-- DATA SEGMENT follows --

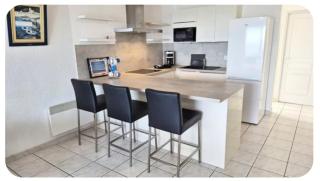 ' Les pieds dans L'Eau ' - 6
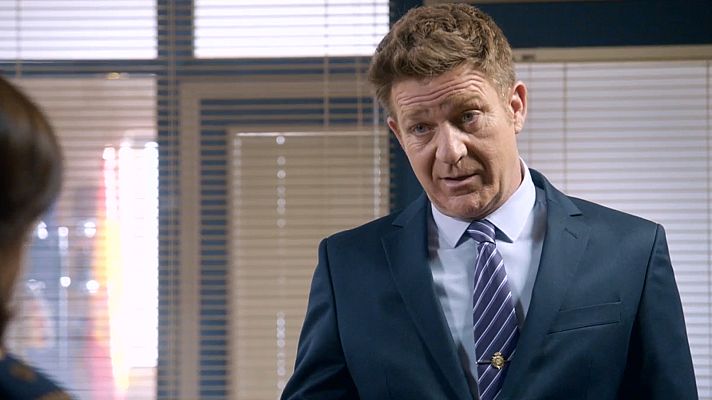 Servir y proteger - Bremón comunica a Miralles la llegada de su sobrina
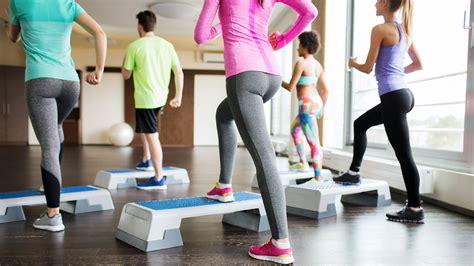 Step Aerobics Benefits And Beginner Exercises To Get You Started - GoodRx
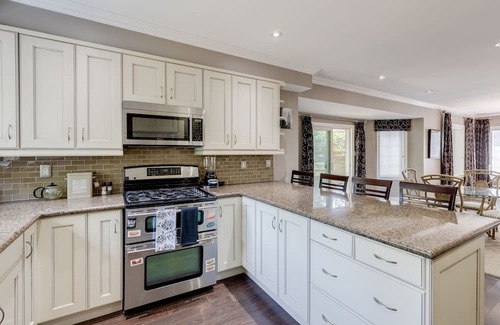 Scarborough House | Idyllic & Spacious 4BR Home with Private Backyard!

-- DATA SEGMENT concluded --

### EXERCISE
Retype all of the listing above exactly, but keep its pictures out.

### EXPECTED OUTPUT
 ' Les pieds dans L'Eau ' - 6
 Servir y proteger - Bremón comunica a Miralles la llegada de su sobrina
 Step Aerobics Benefits And Beginner Exercises To Get You Started - GoodRx
 Scarborough House | Idyllic & Spacious 4BR Home with Private Backyard!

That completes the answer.